Nigeria's economy could shrink the most in almost half a century this year after the collapse of the price of crude.
The staff of the International Monetary Fund will recommend the approval of $3.4 billion in emergency funding to Nigeria when the lender’s executive board meets next week, according to two people with direct knowledge of the plan.
The loan, scheduled to be repaid in a maximum of five years, would be the largest allocation yet by the IMF to an African country to assist with the coronavirus pandemic. The lender approved a disbursement of about $1 billion to Ghana earlier this month. The outbreak is reducing demand for and prices of Africa’s commodities, while domestic lockdowns have shuttered industries and trade.
Nigeria’s request for $3.4 billion will be considered on April 28, an IMF spokesperson said. A finance ministry spokesman declined to comment.

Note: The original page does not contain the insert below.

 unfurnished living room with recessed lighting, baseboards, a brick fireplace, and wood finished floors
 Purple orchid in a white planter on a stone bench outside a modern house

Hit by crashing oil prices and lockdowns, Nigeria requested the amount under the Rapid Financing Instrument, which offers funding without the strings of a full program, said the people, who asked not to be identified because the information is not yet public. Nigeria also requested another $3.5 billion in total from the World Bank and the African Development Bank.
The oil producer’s economy could shrink the most in almost half a century this year after the collapse of the price of crude, which makes up more than haft of government revenues and 90% of exports.
The IMF will mobilize more than $18 billion to respond to more than 40 African countries who have requested assistance to battle the pandemic, Managing Director Kristalina Georgieva said last week.